Glitter is sharp and bright and contains movement — like the quick trip of its two syllables set apart by sharp little t’s. One-syllable blink and wink are slow, but have movement, whether it’s your eyes or a light doing the winking and blinking (though its pace picks up when it becomes a repeated/ongoing action, doesn’t it? Winking, blinking). Gleam seems slow, soft, steady, and according to its definition applies most to reflected light, which seems right to me; my mind’s eye pictures gleaming as the yellow glow that comes off a large, smooth, golden object in a darkened room. But glow is more properly what a light source itself does; not reflecting light, like gleaming, but creating it: shine, beam, radiate.

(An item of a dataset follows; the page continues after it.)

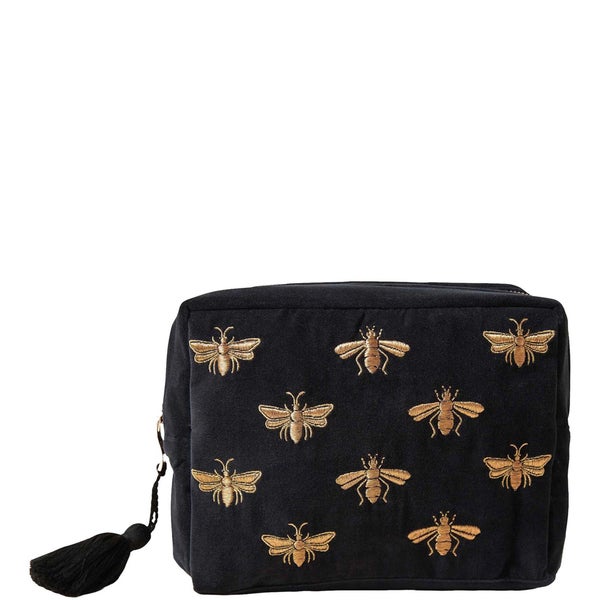 Elizabeth Scarlett Honey Bee Charcoal Velvet Wash Bag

Glimmer has movement too, but more the failure of your eyes to see something disappearing and reappearing; while its cousin shimmer has movement of a different sort, feeling more side-to-side. Or perhaps that’s shimmy I’m thinking of 🙂 (and glimpse).
Twinkle, sparkle again are repeated, sharp, two-syllable, hard consonant, flashes that repeat. Is sparkle reflected light while twinkle should be the light source itself? Nursery rhymes of stars would have it so. Flash itself is short, sharp, but without the hard consonants. Glint is quick but smaller, perhaps. Because of reflection, again? Every light loses brightness when reflected, shedding some of its brilliance as it bounces off the intervening surface. Or the moon would blind us, instead of just showing us how it sees our shared sun. Pretty flicker goes back and forth, friendly like a candle.
Why so many gl- beginnings in our words for light? Root words are one answer: Higueras and Clavera (2002) name two, Middle English glymsen, “to shine faintly or intermittently,” and Middle Low German glaren, “to gleam.” Sadowski (2001) compared modern English gl- root words and concluded more than half connoted light/dark or looking/seeing (with more related to smoothness, like glossy, plus glamour originally related to how something is perceived and glory also connected to light). Some scholars have even “argued the existence of sound and color patterns, whereby back vowels tend to denote dark colours (as in gloom or glum) and front vowels tend to be ‘bright’ (gleam, glitter, glimmer, etc.)” (Sadowski citing Jespersen 1922 and Jakobson 1979; front vowels being those pronounced with the tongue forward in the mouth and vice versa).